L'UE réinterprète le droit maritime international pour contrer la flotte fantôme russe
Les États membres de l'UE cherchent à obtenir des pouvoirs d'arraisonnement plus étendus pour lutter contre les navires soupçonnés de soutenir l'effort de guerre de la Russie.
L’UE se prépare à frapper la flotte fantôme de Moscou et à réduire ses revenus de guerre en appliquant plus fermement le droit maritime international existant, selon un projet de déclaration en cours de négociation entre les pays de l’UE.
Les capitales rédigent actuellement une interprétation commune de la Convention des Nations unies sur le droit de la mer qui donnerait aux autorités nationales une plus grande marge de manœuvre pour arraisonner les navires soupçonnés de menacer les câbles et pipelines sous-marins.
Durant l’année écoulée, une série d’incidents de sabotage sous-marin impliquant des navires probablement liés à la flotte fantôme russe a mis en évidence la difficulté pour l’Europe de traduire les suspects en justice.
L’arraisonnement des navires, la conduite de fouilles et la détention des équipages constituent un enjeu majeur pour les États côtiers. Les navires de la flotte fantôme sont connus pour utiliser « des identités falsifiées, des inspections minimales et des changements rapides de pavillon grâce à des registres permissifs », écrit le European Policy Centre. De telles pratiques compliquent la tâche des autorités européennes qui souhaitent établir la nationalité d’un navire et déterminer s’il fait partie de la flotte secrète russe.

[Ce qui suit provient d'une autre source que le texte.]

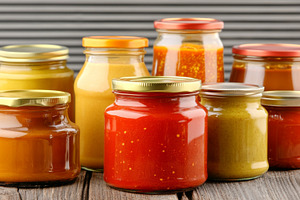 Glass jars filled with spicy pepper, a Photo by Dvoevnore photos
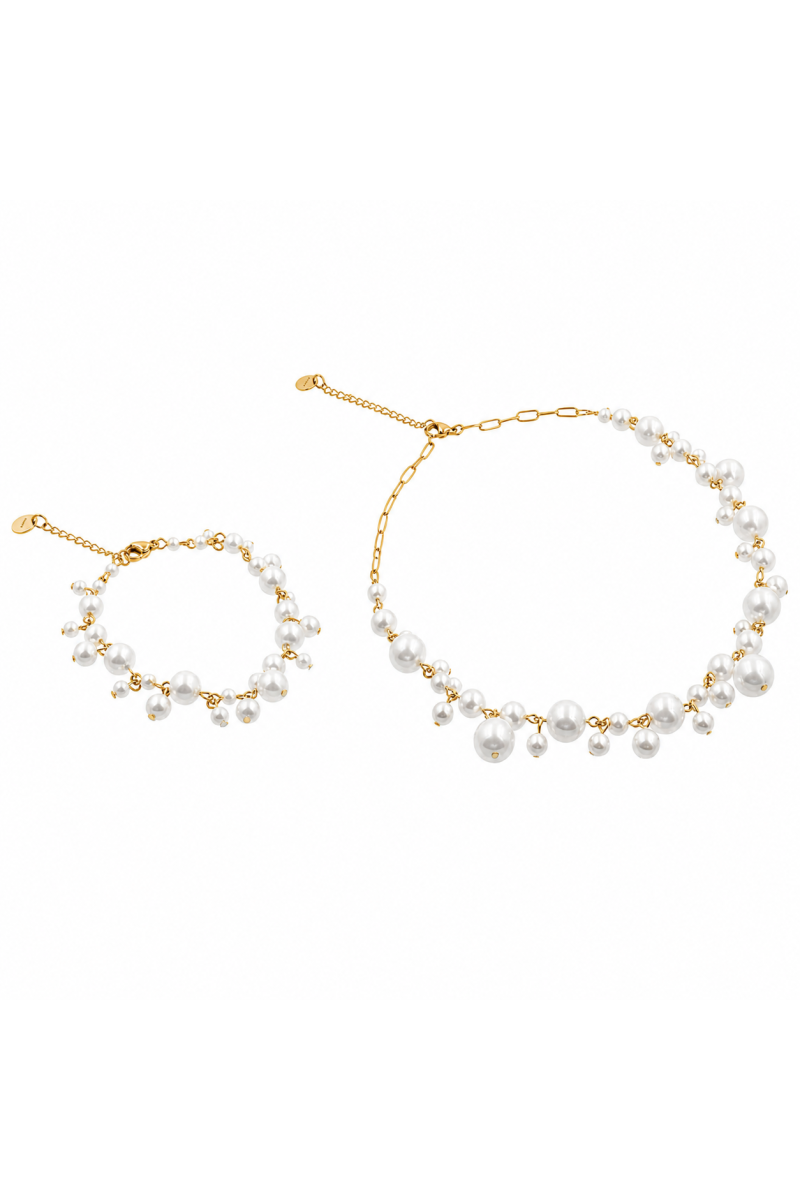 Gold-tone stainless steel pearl jewellery set with a delicate necklace and matching bracelet.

Les navires naviguant sans nationalité « présentent un risque particulier », écrivent les pays de l’UE dans le document de huit pages consulté par Euractiv.

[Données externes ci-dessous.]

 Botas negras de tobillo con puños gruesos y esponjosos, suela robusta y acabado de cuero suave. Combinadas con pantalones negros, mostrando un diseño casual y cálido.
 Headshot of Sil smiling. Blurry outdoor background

Ils affirment leur droit d’arraisonner des navires en haute mer ou dans leurs propres eaux lorsqu’« il existe des motifs raisonnables de soupçonner que le navire est sans nationalité », s’octroyant ainsi le droit d’arraisonner les navires soupçonnés de naviguer sans pavillon ou sous un pavillon frauduleux.
Quatorze pays européens se sont déjà ralliés le mois dernier à l’avis selon lequel les navires apatrides comprennent « ceux qui prétendent faussement battre pavillon », comme on le soupçonne pour de nombreux navires de la flotte fantôme. Selon eux, ces navires n’ont pas le droit à la liberté de navigation.
À première vue, la déclaration semble principalement réaffirmer les dispositions existantes du traité. En réalité, les pays de l’UE exposent leur propre interprétation, et ce dans un langage inhabituellement explicite.
Dans un signal public sans précédent, ils avertissent la Russie qu’ils sont prêts à prendre des mesures supplémentaires pour protéger leurs infrastructures sous-marines critiques.
La flotte fantôme russe fait l’objet d’une nouvelle surveillance, ce qui suscite des inquiétudes croissantes parmi les gouvernements de l’UE. Alors que Moscou est sanctionnée par l’UE pour commercialiser son pétrole sous un plafond de prix spécifique, elle continue d’en expédier dans le monde entier sur des navires enregistrés sous d’autres pavillons – ou sans pavillon – afin de contourner les restrictions et d’alimenter l’effort de guerre du Kremlin.
Le dernier train de sanctions de l’UE vise 117 pétroliers de la flotte fantôme russe. Selon les estimations, la taille de la flotte se situerait entre 600 et 1 400 navires.
Le service diplomatique de l’UE a également proposé que tout navire de la flotte fantôme nouvellement identifié soit automatiquement inscrit sur la liste des sanctions de l’UE, afin d’éviter les retards liés à l’attente d’un nouveau train de sanctions.
Nouvelles règles
Les pays de l’UE se disent prêts à modifier leurs législations nationales pour mieux protéger les pipelines, les câbles et autres infrastructures. Ils s’engagent aussi à « redoubler d’efforts » pour garantir que tous les navires se conforment aux obligations de déclaration, y compris la divulgation complète des informations d’identification. Certains États, comme le Danemark, ont déjà renforcé leur position en matière d’application de la loi à l’encontre de la flotte fantôme.
Au-delà de l’UE, les pays font pression pour adopter de nouvelles règles visant à protéger les infrastructures sous-marines critiques. Ils évoquent le lancement d’une « vaste initiative visant à développer des outils pour faire face aux menaces », qui serait élaborée par exemple à l’ONU ou à l’Organisation maritime internationale.
Une personne au fait des discussions a déclaré que l’objectif était d’adopter le document lundi, en présence des envoyés diplomatiques réunis à Bruxelles.
Toutefois, le texte doit encore être retravaillé, car le Portugal et la Grèce émettent des réserves sur plusieurs dispositions, comme l’indique l’introduction du texte.